There are endless things to see and do in Barcelona but, particularly if you have your own transport (or hire a car), there is also a lot to see outside the city, with Catalonia being one of the loveliest parts of Spain, both inland as well as along its coast.
Palau Robert and the Tourist Office
The Palau Robert (Passeig de Gràcia, 107) houses the Tourist Office, centre for information on what to do and see outside Barcelona. So it’s a fantastic starting point for discovering the rest of Catalonia, as it includes a bookshop (largely guides) and an exhibition hall that is generally well worth popping into. Moreover, you will find new activities and exhibitions throughout the year.
The website contains a comprehensive compendium of routes through Catalonia and a lot of useful information if you want to explore Catalonia beyond Barcelona.
We liked: The 700 (car, MTB, walking…) “tourist routes” section, great for discovering the lovely Catalan countryside
Not so hot: Actually finding the information that is there.
Catalonia has some superb Romanesque architecture most notably among the churches to be found dotted about the hills and which date back to the late tenth, early eleventh century, and the origins of Catalonia as a nation in the days of the Reconquest.
The Arteguias site, accompanying print versions of a guidebook series, is a vast one, generally well-organised, lacking perhaps only maps for ease of location.
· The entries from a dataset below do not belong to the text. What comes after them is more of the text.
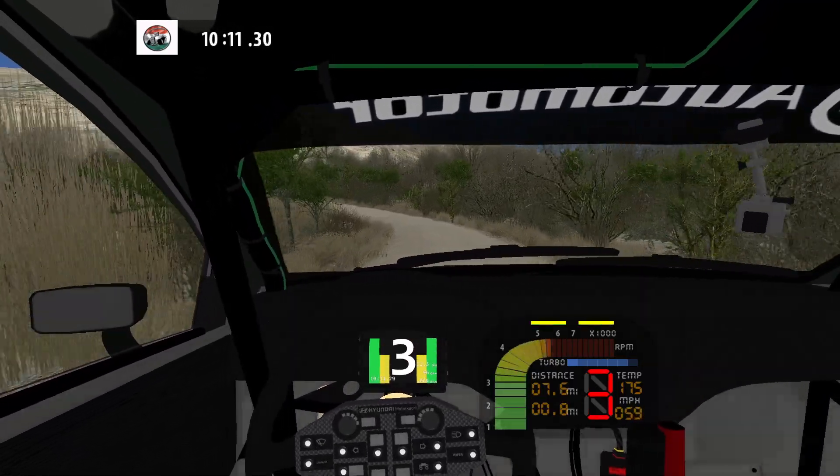Hairpin left. 200. Fast right. 70. Fast right over crest. 50. Fast right over crest. 50.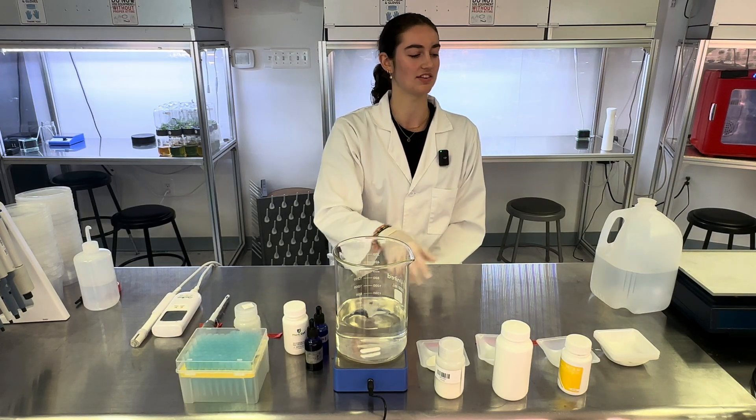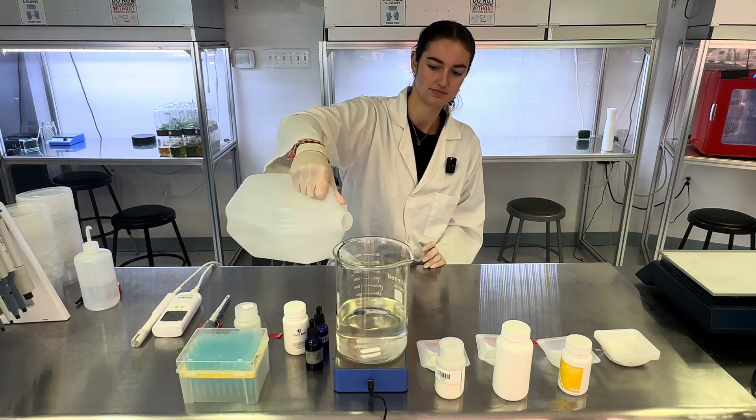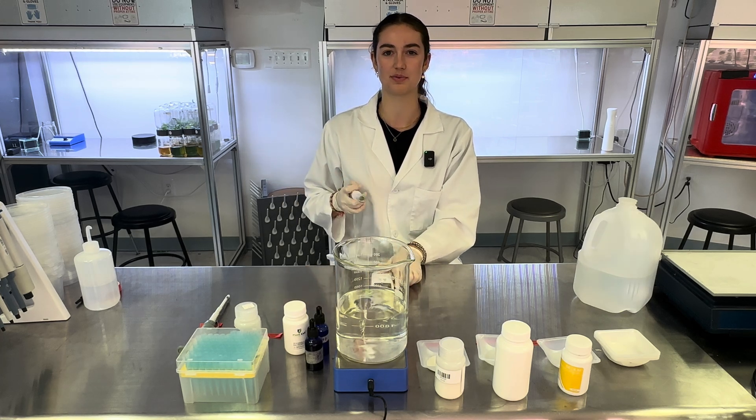Turn off your magnetic stirrer and add the rest of the water to the 1,000 milliliter mark. Now, using your pH meter, calibrate the pH to 5.8.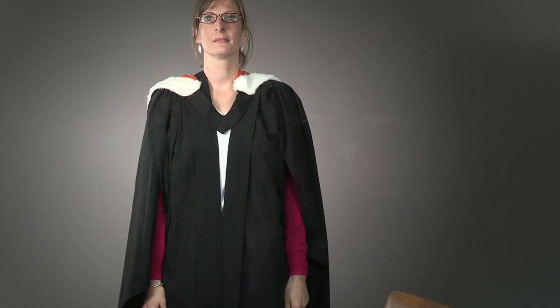After sitting, it is important when you stand to gently reposition your academic dress. You are now ready to walk across the stage.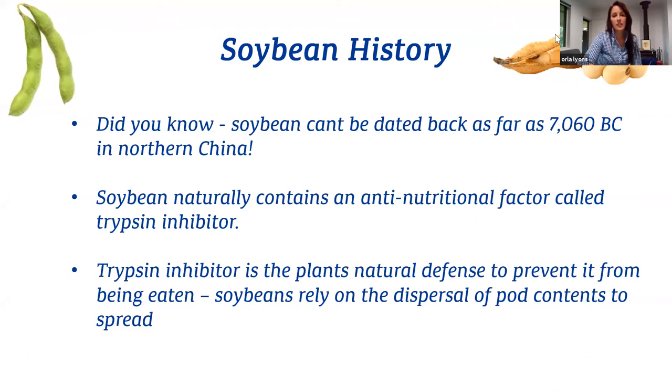Soybean actually naturally contains an anti-nutritional factor called trypsin inhibitor. The trypsin inhibitor is the plant's natural defense to prevent it from being eaten. Soybeans actually rely on the dispersal of pods to spread their seeds.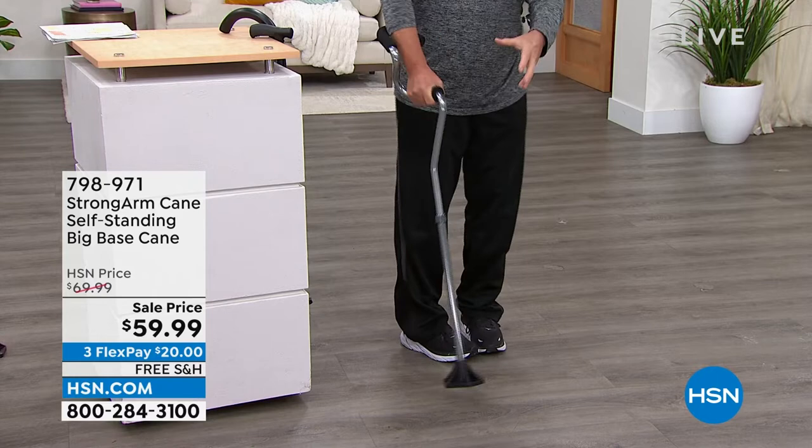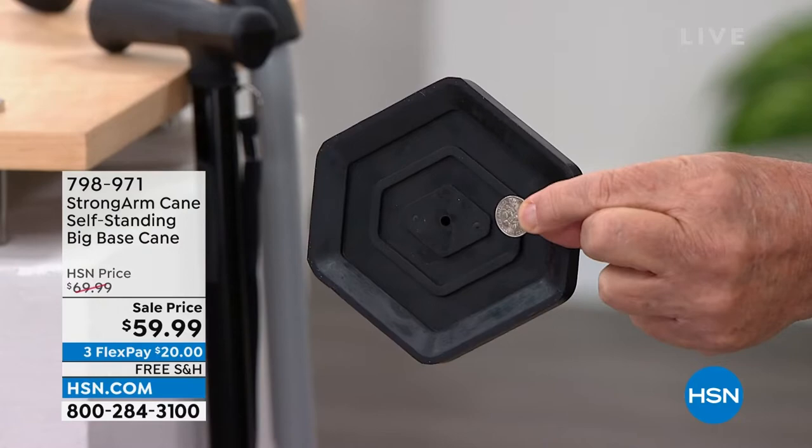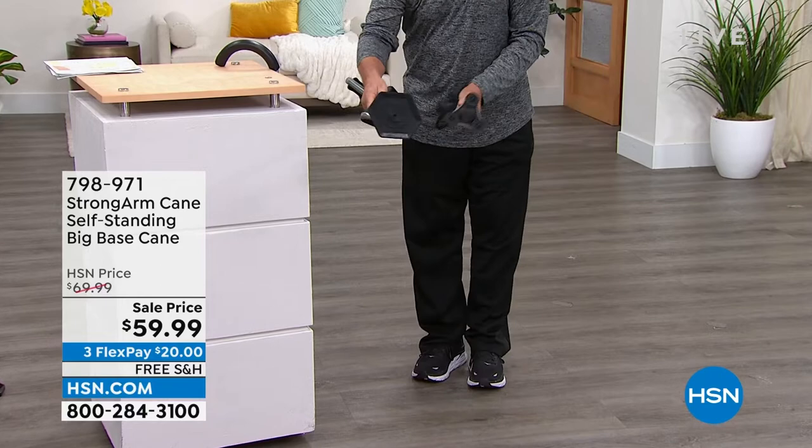But look at this base — look at the size. I want to give you a comparison: here's a dime, look at the size we're talking about on that base. And here's another popular item out there with kind of a base to it — look at the difference. It's like a dinner plate on the bottom, no question.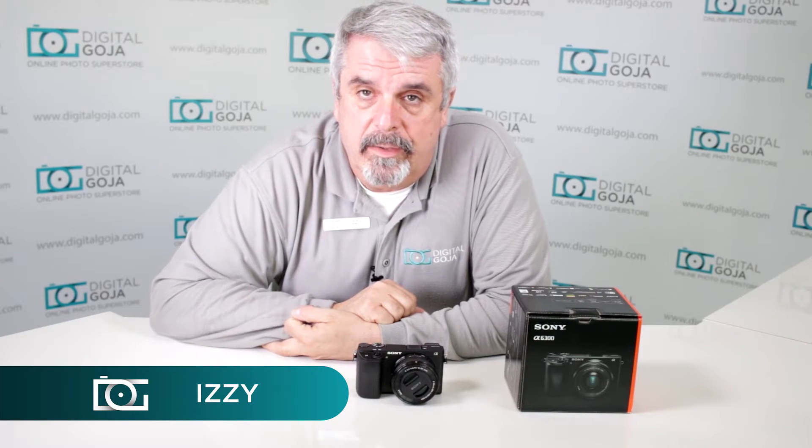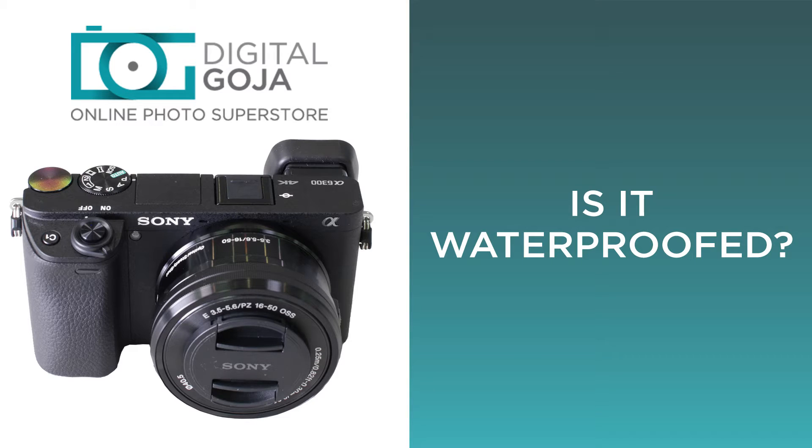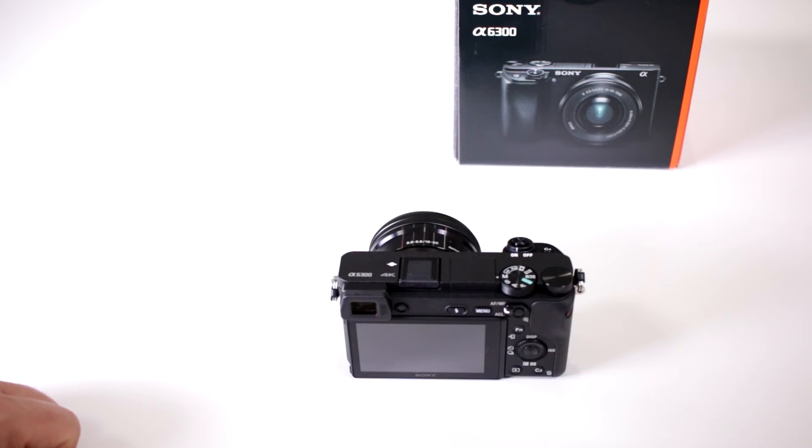Hi there, Izzy from DigitalGoja.com. Here is an intermediate question for users of the Alpha A6300 from Sony: Is my camera waterproof?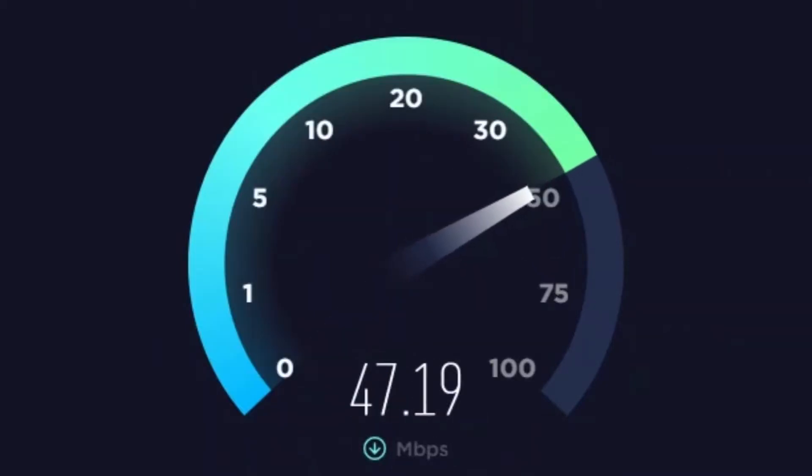One way to check this is to connect the data source to a laptop and do a speed test. If you don't have sufficient bandwidth, then it's probably best that you don't share the connection.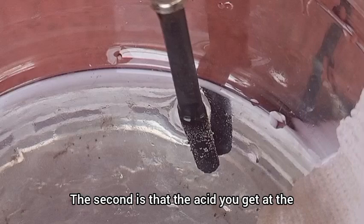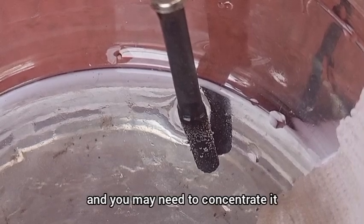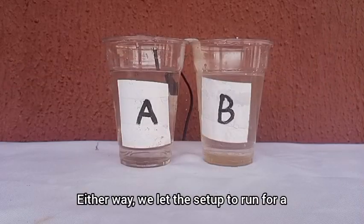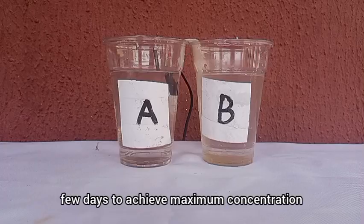I don't have any of that at the moment so I'm stuck with graphite. The second limitation is that the acid you will get at the end of this process will be very dilute and you may need to concentrate it. Either way, we let the setup run for a few days to achieve maximum concentration.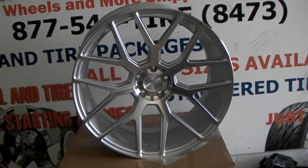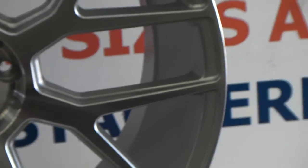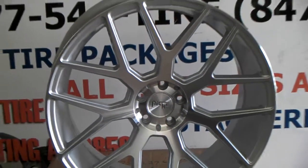Great looking finish. You can see the machining on the face, and you can see the silver in the background if you look — that's painted on the background and on the inside, and polished on the face. Beautiful wheel.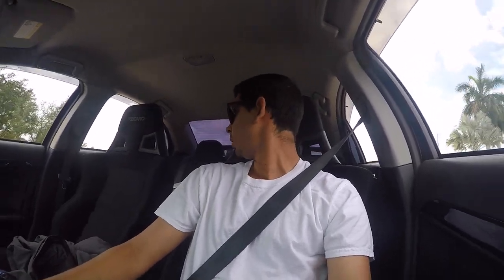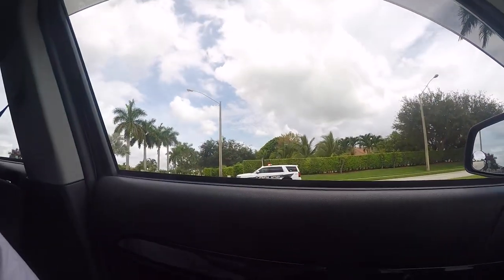Currently driving the Evo right now. Oh shit, there's a cop right there. What's this cop doing here? There's literally a cop just chilling right here on the side of the road.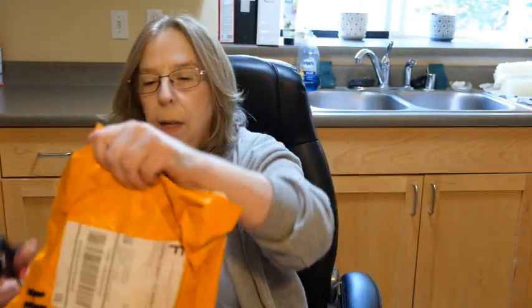Hey everyone, it's Peggy and I'm back with some more Temu goodies. I can't wait to see what we got because honestly it's been so long since I was able to do a video. I can't exactly remember what I've got in here so let's see. Let's do the small one first.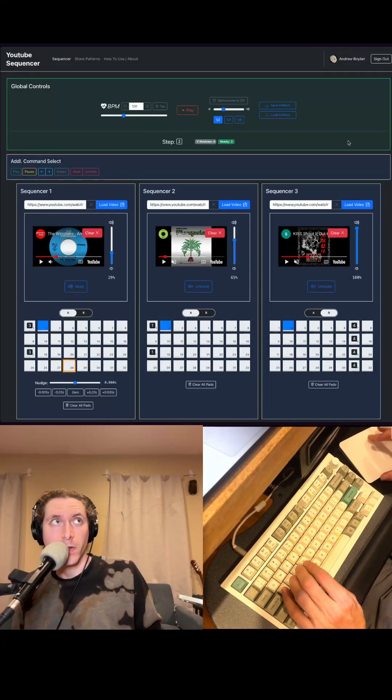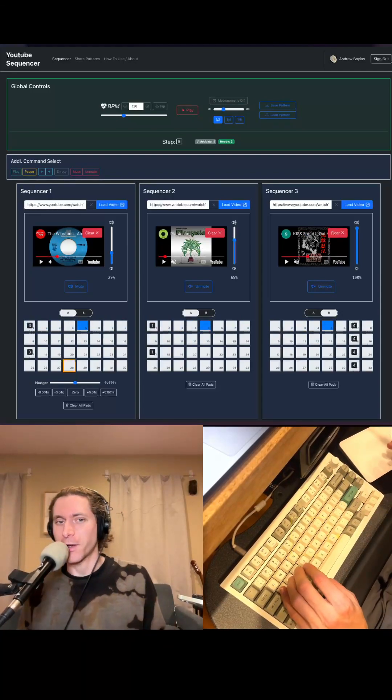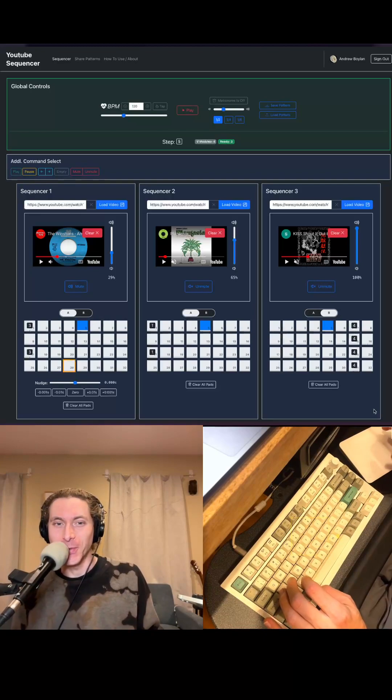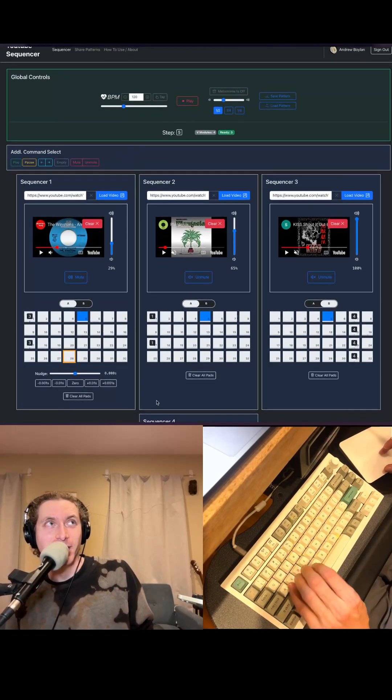Hey, what's up guys! We are here today with a brand new invention. This is called YouTube Sequencer, and it turns YouTube into a drum sequencer. So without further ado, I'm just gonna start it up.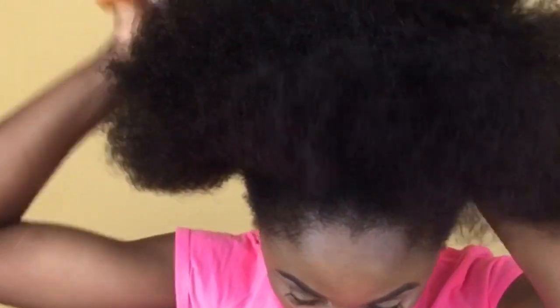Hey guys, welcome back to my channel! Today I'll be doing this braid-less crochet hairstyle, so let's jump right into the video. My hair is already moisturized and I'm using my wide tooth comb to just comb through it quickly before I go into the hairstyle.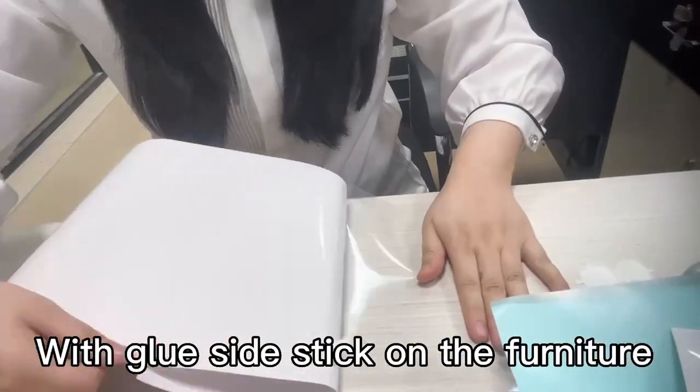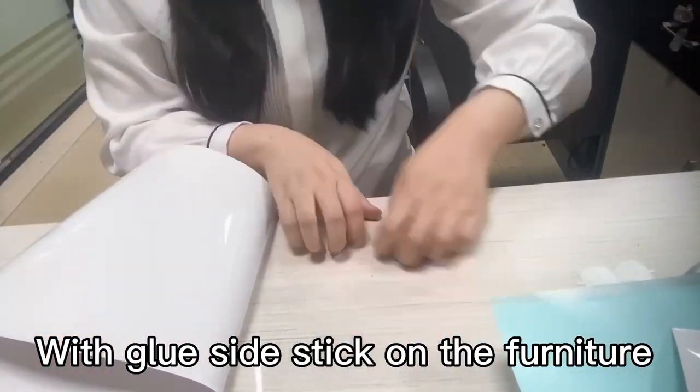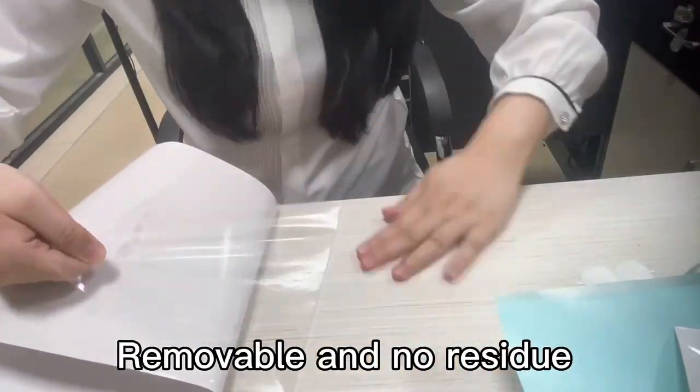Tile it onto the table, and tile it on. The one side left has the glue on the table.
It covers a lot more than the Romanesque and a lot more of Spain than just Catalonia, and the excellent images on the site will have you reaching for your Michelin map and hitting the open road…
We liked: The models section (including online purchase)
Not so hot: old school page, but isn’t it also the romanesque architecture?
Catalonia in Miniature
17 km outside Barcelona at Torrelles de Llobregat, Catalunya en Miniatura is a sizeable collection of 1/25 scale models of Catalonia’s most famous architecture, including all of Gaudí and the Nou Camp Barça stadium, but also some of its Romanesque churches, not to mention the odd biscuit factory or two.
Adventure theme park
It’s been lately refurbished into a Theme Park. In addition to the miniature park, there are now adventure circuits for children and adults (zip lines, climbing walls, suspension bridges, lianas, log stairs…), a nice and large picnic area to relax and enjoy eating while surrounded by nature and a restaurant.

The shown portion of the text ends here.